You will locate some long nails and predrill the ends of the two poles just a bit smaller than the nails and drive the nails into the poles. Leaving only enough to go through most of the cross bar (more closet rod). Cut off the head of the nail and file the end over round. Make sure none of it extends through the cross piece and round the end of the cross pieces. You don't need any tiedowns on the end of the poles so extending the nails through the canvas is not at all necessary. Consequently that is one less water leak you need to worry about.

When you sew your canvas make sure you allow for a generous overlap near the door to keep rain out, also make an overlapping flap to cover the attachments you use for the canvas to the top of the walls. I would probably use a grommet strip and have holes spaced every 6 inches or so and lace or tie the canvas to the holes. The flap should be circa 6" to keep rain from entering.

You can drill a few holes every couple of inches in the lower section of your poles to allow you to tighten the canvas by raising the pole and inserting a rounded end nail through the hole above your top bracket. The bracket can be made out of available cable/pipe tie down clamps (electrical/plumbing dept) or made from flat steel/iron stock cold pounded into the correct shape. Attach some 2x4 blocks to the wall where the poles are attached to distribute the pressure to the wall instead of on the screw of the clamp only.

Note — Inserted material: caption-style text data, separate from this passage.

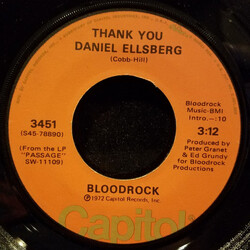 Bloodrock Thank You Daniel Ellsberg USED VINYL 7INCH 45 RPM SINGLE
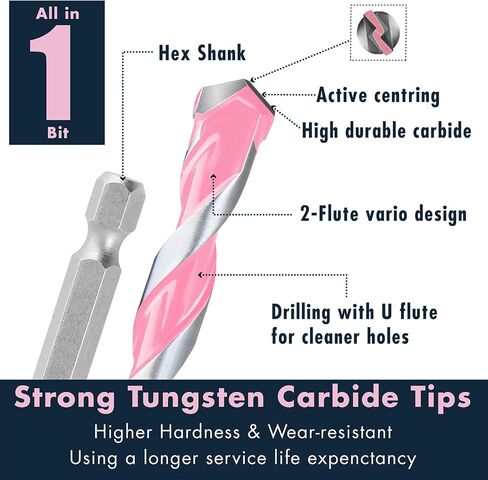 MACP Pink Multi-Purpose Carbide Tip Drill Bit Set - 5 Pcs Hex Shank Masonry Drill Bit for Metal, Brick, Block, Wood, Plastic, Tile, 5/32'', 3/16'', 1/4'', 5/16'', 3/8'' in Saudi Arabia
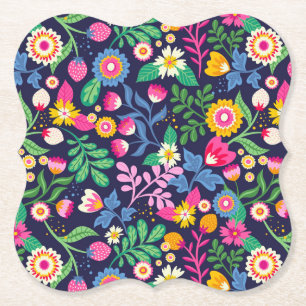 Exotic Hand Painted Floral Pattern Paper Coaster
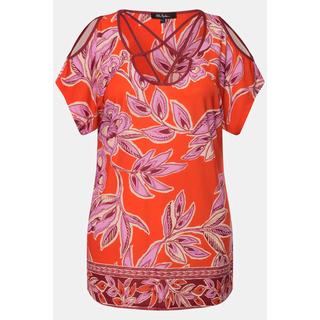 Ulla Popken  T-shirt, imprimé floral, rubans fantaisie, manches courtes, découpes 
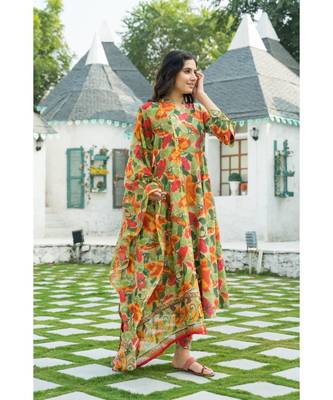 Multi colored Leaf Hand Block Print Kurta Set with Chanderi Dupatta 2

The wheels of the actual trailer are under the bed of trailer but visible from the sides so we create a fake wheel to cover them. Using either 1/2" plywood or several 1x6 pine boards (with cross cleats) cut a large (3+') wheel. You will attach using a fake hub looking arrangement (i.e. bolted through to the wall with some blocks behind it and on the outside looking like a wagon wheel hub. These are purely decorative and hold no weight whatsoever. I'd probably dig a bit into the ground to give the impression of great weight from the wagon, after all wagons always left ruts in the roads.

You will also need 4 jacks in the four corners of the trailer to keep the floor stable when you get in and walk around. I would use standard travel trailer jack stands and cover them in some way (a 2 sides wooden cover or something similar). You will also want to make a long wooden 3 sided channel box to cover the front hitch post as that is not safely removed and a wooden hitch harness would have been used instead of the metal box beam. Decorate it with cross beams for horses if desired.

I know of at least two families from our Barony that take their trailers to PENNSIC. They have a large canvas/sailcloth like material covering for the trailer to wear. This gives it a pavilion style look. The real give away is tires showing because they didn't make it long enough and the cool white florescent style camp lights glowing inside. I know of one gentle that made an elephant out of his van. Most intriguing eh.